Then we get to do our qualitative work. And there are a lot of very nice companies that are attractively priced today. Whether you want to put them in a value box or a growth box, technically speaking we're not as concerned about. What we want to do is buy good companies that we think will appreciate in price over the long haul, and we'll let the Morningstars of the world decide which box they go into.

Forbes: Now, dealing with human emotions, psychological, you write a lot about that. You've made the point, as others have made, that the stock market's the only place in the world where if something's going up in price people want it, and if it's going down in price they don't want it. Whereas, when you go to the supermarket, if it's gone up in price you go elsewhere for a bargain.

Buckingham: Exactly.

Forbes: Why is that?

Buckingham: Well, it's human nature. Fear and greed will drive all investment decisions. I like to say there's a pendulum that swings back and forth. We swung way too far on the greed side in the tech bubble and then we swung way to side on the fear side in 2008/2009 when we were sort of discounting Great Recession II or Great Depression even, and we didn't really have such a severe economic downturn to justify that. The emotional part of investing is something that's always there. What we try to do is to focus on market history. Stocks have delivered the best long term return, relative to T-bonds and bills and inflation.

Forbes: What about people like Gary Schilling that say since 1981 bonds have done better than equities?

Buckingham: Well, it depends what you're invested in, Steve. With our returns at 17%, 18% a year, that's better than what bonds have done. Certainly that's why I think stock picking matters, because you can't just buy an index and sit with it forever. Indexes are going to, at least from my perspective, contain many stocks that are not attractively priced.

I think you can be buying under-valued stocks independent of where the overall market might be – keeping in mind, of course, that if everything is expensive then it's your job to obviously have more cash in your portfolio. But these days I think everything is more on the cheap side than expensive, especially given where we are on interest rates.

The fact that interest rates are at such low levels is a sign of that fear. I mean, people are willing to pay to get one basis point, .01% on a money market fund. And that's where a lot of money is parked. Or, they're going to shovel money into U.S. Treasuries, where a 10 year treasury yield is microscopic as well – 2% or so. Those just aren't attractive yields or returns from where I sit, especially when the dividend yields on stocks are so attractive.

Forbes: Was it just the trauma of 2008 that, as you put it, people focus on return of principal instead of return on principal?

Buckingham:Well, I think it's a combination of things. You had  what happened in the tech bubble bursting, right?

Forbes: Right.

Buckingham:And you had 9/11 which obviously caused market break. You had 2002, which was an awful year.

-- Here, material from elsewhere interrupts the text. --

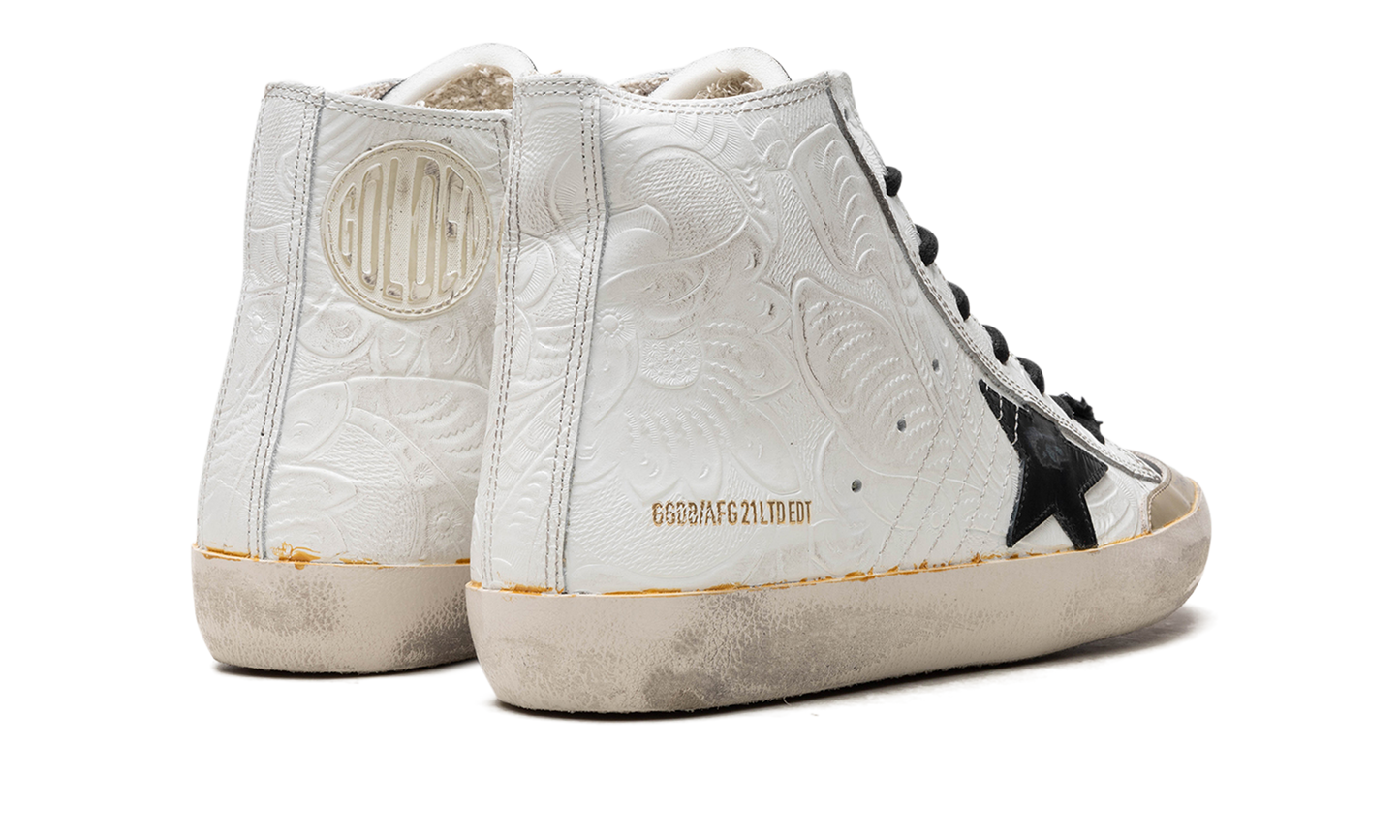 FRANCY PENSTAR FLOWERS PRINTED SUEDE UPPER AND LIST NYLON TOE LEATHER STAR "WHITE GOLD BLACK"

You already had a slowdown going on in 2008 in terms of corporate profits and the economy, and then it was exacerbated by the financial mess. Absolutely it's a combination of things. When you see the kind of volatility we've seen with – and this is an important part, with the 24/7 media coverage – the fact that you can look at your smartphone and see what your portfolio's doing at any given second. That's a good thing from an informational standpoint, but it's not a good thing for the emotional part of investing.

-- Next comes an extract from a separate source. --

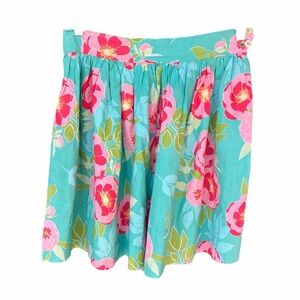Lil’ Lou Lou Aqua Blue and Pink Floral Mini Skirt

Then you throw in what happened, also, with most asset classes all going down in 2008 and 2009, including the value of your house, the value of your art, the value of your fixed income investments. Unless they were in Treasuries they went down. You had a combination of factors that really scared the bejesus, if you will, out of everybody.

It takes time for those wounds to heal. You'll see the investors poking their head up out of the foxhole a little bit now, but despite the rally we've seen off the October lows, we don't see any signs of greed really emanating out there from the average investor.

Forbes: So this isn't, in your mind, a suspicious rally? The volume is low, as you point out. Mutual funds, equity funds still aren't taking in very much, compared to bond funds.

Buckingham:Right. I'm being a contrarian when it comes to the overall market. I like it when there are a lot of skeptics out there. I like it when there's not a lot of enthusiasm towards equities. That makes me feel better that equities are going to do well going forward.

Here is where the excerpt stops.